To our opinion, this initiative of the Ministry of Finance corresponds to the requirements of the conservative approach to determine acceptable level of their expenditure which ensures budget stability. 

It’s obvious that currently oil and gas transfer which value is tied to the GDP doesn’t sufficiently ensure fiscal discipline at the safe from the budget balance point of view level. As a result, in order to increase efficiency of the current procedure for the use of volatile revenues directed for financing budget obligations, it seems expedient to add a rule restricting budget receipts obtained from the distribution of proceeds from extraction tax and export duty on crude oil as a factor with puts on hold the growth of federal budget expenses at the planning stage. 

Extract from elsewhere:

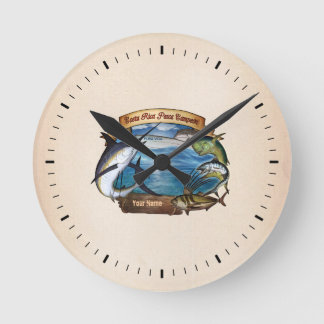 Costa Rica Fishing Champion (your name) Round Clock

In other words, the value of gas and oil transfer should be restricted not by the volatile proportion to the GDP but by threshold amount of oil price fixed for the period of budget planning (i.e. for three years). All oil proceeds above the fixed threshold amount (its amount can be set parting from average for the upcoming three year period oil price in conservative scenario of socio-economic development of the Russian Federation) should be directed to the oil and gas funds (Reserve Fund and National Wellbeing Fund) in compliance with the terms and conditions for the remittance of funds. Financing of budget deficit should be exercised by the resources of the Reserve Fund solely in case of shortfall of budget revenues resulting from the fall of the oil price below certain level stipulated in the macro forecast which served as a bases for calculation of main federal budget parameters.

To our mind, this approach ensures budget stability, by way of stabilizing the level of public revenues at the stage of budget planning.